数学

 若い男性の涙声の電話を切った後、5分としないうちに女性の涙の電話をもらった。どちらも涙の原因は家族だ。病気に関して素人である家族の理解を得ることは結構難しい。完全に理解してもらう必要はなく、僕はただ、苦しんでいることだけを理解してもらえれば充分だと思っている。家族は大切な分、気持ちがより深く入って焦ったり、完全を求めたりする。他人なら気休めも口からでるが、家族ではそれではすまされない。結果を要求してしまうのだ、それも完璧な結果を。 濃密な家族関係はテレビ画面に映し出されるとそれはそれで心地よいものかもしれないが、実生活では結構負担に感じるのではないか。

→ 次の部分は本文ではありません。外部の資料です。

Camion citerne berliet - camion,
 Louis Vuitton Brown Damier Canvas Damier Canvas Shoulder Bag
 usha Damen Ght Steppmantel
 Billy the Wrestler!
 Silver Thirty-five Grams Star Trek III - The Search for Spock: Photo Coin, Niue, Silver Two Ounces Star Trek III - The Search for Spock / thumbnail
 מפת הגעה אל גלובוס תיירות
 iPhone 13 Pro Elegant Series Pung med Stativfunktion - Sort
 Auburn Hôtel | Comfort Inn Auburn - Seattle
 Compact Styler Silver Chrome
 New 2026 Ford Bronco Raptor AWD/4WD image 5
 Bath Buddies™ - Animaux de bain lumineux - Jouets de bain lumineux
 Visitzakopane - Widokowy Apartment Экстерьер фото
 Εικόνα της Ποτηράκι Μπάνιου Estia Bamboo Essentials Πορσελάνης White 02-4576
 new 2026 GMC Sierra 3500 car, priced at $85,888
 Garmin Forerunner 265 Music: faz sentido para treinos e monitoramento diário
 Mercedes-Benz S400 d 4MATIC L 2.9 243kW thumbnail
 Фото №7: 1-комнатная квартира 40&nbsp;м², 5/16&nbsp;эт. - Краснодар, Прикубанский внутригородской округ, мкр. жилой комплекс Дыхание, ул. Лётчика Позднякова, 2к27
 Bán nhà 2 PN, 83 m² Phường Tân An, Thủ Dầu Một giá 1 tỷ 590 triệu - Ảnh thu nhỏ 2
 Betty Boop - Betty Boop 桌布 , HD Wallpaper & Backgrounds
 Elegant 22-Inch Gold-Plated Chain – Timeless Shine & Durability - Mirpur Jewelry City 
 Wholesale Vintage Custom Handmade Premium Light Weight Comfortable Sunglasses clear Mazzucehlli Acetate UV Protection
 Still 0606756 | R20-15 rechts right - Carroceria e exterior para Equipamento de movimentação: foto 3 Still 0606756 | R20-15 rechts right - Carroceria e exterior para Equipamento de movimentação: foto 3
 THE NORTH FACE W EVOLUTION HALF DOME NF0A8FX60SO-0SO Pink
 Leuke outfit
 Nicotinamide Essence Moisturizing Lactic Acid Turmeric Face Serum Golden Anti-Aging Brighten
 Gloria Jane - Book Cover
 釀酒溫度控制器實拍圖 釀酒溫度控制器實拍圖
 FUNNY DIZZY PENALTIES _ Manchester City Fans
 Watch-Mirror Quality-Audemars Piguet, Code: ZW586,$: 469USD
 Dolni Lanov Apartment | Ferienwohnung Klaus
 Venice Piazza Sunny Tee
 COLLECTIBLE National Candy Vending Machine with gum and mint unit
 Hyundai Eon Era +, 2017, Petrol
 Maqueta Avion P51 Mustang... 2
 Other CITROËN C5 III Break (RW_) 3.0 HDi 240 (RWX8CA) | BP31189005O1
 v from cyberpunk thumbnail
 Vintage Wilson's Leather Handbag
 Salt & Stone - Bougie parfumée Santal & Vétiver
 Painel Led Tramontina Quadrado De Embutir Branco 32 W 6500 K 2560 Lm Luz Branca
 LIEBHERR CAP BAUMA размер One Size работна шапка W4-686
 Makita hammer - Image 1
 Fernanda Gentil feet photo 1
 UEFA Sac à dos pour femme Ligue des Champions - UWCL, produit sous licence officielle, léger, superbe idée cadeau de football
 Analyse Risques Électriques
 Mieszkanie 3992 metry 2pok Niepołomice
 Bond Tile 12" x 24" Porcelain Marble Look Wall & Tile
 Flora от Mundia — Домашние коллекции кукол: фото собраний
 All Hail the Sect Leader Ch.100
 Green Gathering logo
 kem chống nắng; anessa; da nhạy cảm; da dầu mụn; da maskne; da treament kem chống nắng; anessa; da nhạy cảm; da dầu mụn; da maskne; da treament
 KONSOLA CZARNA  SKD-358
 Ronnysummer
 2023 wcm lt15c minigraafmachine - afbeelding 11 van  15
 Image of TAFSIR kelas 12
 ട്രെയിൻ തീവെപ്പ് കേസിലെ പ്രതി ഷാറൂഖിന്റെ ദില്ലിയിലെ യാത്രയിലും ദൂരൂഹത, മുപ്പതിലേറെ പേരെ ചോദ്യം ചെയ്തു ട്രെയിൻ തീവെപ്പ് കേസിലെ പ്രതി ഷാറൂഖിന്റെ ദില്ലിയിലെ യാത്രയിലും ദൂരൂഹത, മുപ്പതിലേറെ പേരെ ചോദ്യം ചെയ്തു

我が家はその逆だから、何かクールな感じはするが、子供達の独立は早すぎるくらい早く、結構自由にやってきた。僕ら兄弟もそうだし、僕の子供世代もそうだ。ドラマになるような家庭生活はなく、家族より仲間を優先して生きてきた。僕の父など今の僕がそうであるように、仕事優先、いや仕事オンリーの生活を貫いていたが、それを見ていて寂しいと思ったことは一度もないし、干渉されなかった分嫌うこともなかった。何となく尊敬していたようにも思う。 いざとなったら確かに家族かもしれないが、いざとなる原因も家族が多い。職場と家庭がなければ現代人のストレスのほとんどが消えて無くなると僕はしばしば口に出すが、ブラックユーモアのつもりではない。結構言い当てているのではないか。漢方薬を勉強したおかげで、家庭に幻想を抱くことがなくなったし、家庭に幻想を抱いて突き落とされた人達のとまどいも良く分かるようになった。漢方薬の目指す中庸と言えば格好いいが、ほどほどこそ居心地が良くて、自然なのだ。バランスのとれた座りの良い状態なのだ。 悲しい時、辛い時は、このほどほどを思い出せばいい。高校の数学で、ほどほどの点数さえとれなくても何ら悲観しなかったではないか。人生で高校の数学以上の点数はとれるものではない。